First, import the client and initialize it with your API credentials.

In [None]:
import os
import mfid
from dotenv import load_dotenv
from pycrucible import CrucibleClient
from pycrucible.models import BaseDataset

# Load environment variables
load_dotenv()

# Initialize the client
api_url = 'https://crucible.lbl.gov/testapi'
api_key = os.environ.get("admin_apikey")  # or "admin_apikey" for admin access

client = CrucibleClient(api_url, api_key)

### 1. Searching for Datasets

Use `list_datasets()` to search for datasets with optional filters.

In [None]:
# List datasets 
datasets = client.list_datasets(limit=1000)
print(f"Found {len(datasets)} datasets")
print(f"\nFirst dataset: {datasets[0]['dataset_name']}")

In [None]:
datasets[0]

In [None]:
help(client.list_datasets)

#### Available Filters

You can filter datasets using various parameters:

In [None]:
# Filter by keyword
keyword_datasets = client.list_datasets(keyword='tem', limit=5)
print(f"Datasets with keyword 'tem': {len(keyword_datasets)}")

# Filter by instrument
instrument_datasets = client.list_datasets(instrument_name='titanx', limit=5)
print(f"Datasets from 'titanx' instrument: {len(instrument_datasets)}")

# Filter by owner ORCID
owner_datasets = client.list_datasets(owner_orcid='0009-0001-9493-2006', limit=5)
print(f"Datasets by owner: {len(owner_datasets)}")

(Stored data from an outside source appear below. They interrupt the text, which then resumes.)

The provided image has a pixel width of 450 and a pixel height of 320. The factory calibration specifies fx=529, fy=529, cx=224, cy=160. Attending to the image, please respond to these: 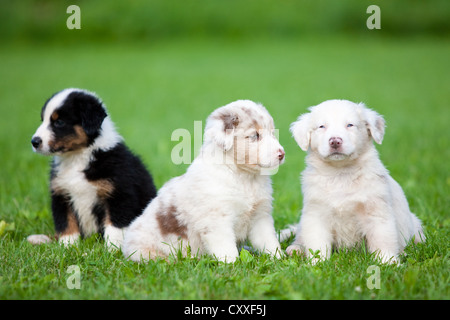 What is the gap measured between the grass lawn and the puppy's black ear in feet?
3.44

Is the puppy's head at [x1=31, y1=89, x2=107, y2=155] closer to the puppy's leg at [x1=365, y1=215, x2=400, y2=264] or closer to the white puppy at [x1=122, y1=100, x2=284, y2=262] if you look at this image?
the white puppy at [x1=122, y1=100, x2=284, y2=262]

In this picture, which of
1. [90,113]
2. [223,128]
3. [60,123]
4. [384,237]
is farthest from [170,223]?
[384,237]

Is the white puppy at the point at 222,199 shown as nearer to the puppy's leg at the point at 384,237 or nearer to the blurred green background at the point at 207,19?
the puppy's leg at the point at 384,237

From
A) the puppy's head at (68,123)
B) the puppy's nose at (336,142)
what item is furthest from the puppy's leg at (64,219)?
the puppy's nose at (336,142)

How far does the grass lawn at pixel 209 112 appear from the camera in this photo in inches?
148

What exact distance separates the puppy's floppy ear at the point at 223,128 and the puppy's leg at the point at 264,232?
0.67 metres

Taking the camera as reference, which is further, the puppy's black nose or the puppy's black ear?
the puppy's black ear

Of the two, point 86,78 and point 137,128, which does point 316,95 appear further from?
point 86,78

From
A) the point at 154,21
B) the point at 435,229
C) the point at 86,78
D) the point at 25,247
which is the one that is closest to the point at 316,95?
the point at 86,78

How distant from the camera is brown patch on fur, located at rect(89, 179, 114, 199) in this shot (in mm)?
4977

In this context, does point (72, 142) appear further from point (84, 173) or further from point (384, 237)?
point (384, 237)

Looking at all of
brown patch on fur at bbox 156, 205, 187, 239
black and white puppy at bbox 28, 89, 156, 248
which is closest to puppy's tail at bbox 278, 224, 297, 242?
brown patch on fur at bbox 156, 205, 187, 239

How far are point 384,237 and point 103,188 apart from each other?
2.55 meters

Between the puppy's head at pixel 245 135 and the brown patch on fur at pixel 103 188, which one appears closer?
the puppy's head at pixel 245 135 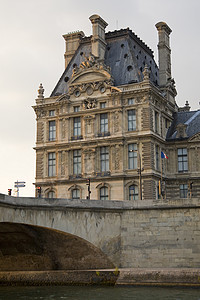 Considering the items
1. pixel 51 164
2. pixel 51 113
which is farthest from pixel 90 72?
pixel 51 164

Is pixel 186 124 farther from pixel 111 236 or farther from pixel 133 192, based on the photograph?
pixel 111 236

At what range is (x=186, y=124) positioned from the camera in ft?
193

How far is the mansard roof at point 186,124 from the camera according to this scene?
58.2 metres

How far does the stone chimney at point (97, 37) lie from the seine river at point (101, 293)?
3659 centimetres

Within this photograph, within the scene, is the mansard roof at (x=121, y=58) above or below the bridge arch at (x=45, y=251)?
above

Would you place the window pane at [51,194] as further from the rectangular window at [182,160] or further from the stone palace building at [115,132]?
the rectangular window at [182,160]

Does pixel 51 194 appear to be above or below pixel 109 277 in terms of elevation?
above

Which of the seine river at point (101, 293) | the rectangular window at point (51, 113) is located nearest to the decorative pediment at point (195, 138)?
the rectangular window at point (51, 113)

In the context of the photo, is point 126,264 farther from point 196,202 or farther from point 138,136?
→ point 138,136

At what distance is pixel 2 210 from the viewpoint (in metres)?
27.2

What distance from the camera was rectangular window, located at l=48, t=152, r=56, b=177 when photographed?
58531mm

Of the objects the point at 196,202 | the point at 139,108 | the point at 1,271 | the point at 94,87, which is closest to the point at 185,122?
the point at 139,108

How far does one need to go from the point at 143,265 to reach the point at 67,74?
3542cm

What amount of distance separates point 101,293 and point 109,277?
9.67 ft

# Combine multiple filters
filtered = client.list_datasets(keyword='tem', instrument_name='titanx', limit=5)
print(f"Datasets matching multiple filters: {len(filtered)}")

In [None]:
filtered[0]

In [None]:
# Search datasets by sample ID
sample_id = '0t3q9zq7enrhf0004dvevszkmm'  # Example sample ID
sample_datasets = client.list_datasets(sample_id=sample_id)
print(f"Datasets for sample {sample_id}: {len(sample_datasets)}")

In [None]:
# Search datasets by sample ID and filter
sample_id = '0t3q9zq7enrhf0004dvevszkmm'  # Example sample ID
sample_datasets = client.list_datasets(sample_id=sample_id, data_format = 'h5')
print(f"Datasets for sample {sample_id}: {len(sample_datasets)}")

### 2. Adding Datasets

There are two main ways to add datasets: from JSON metadata only, or with a file upload.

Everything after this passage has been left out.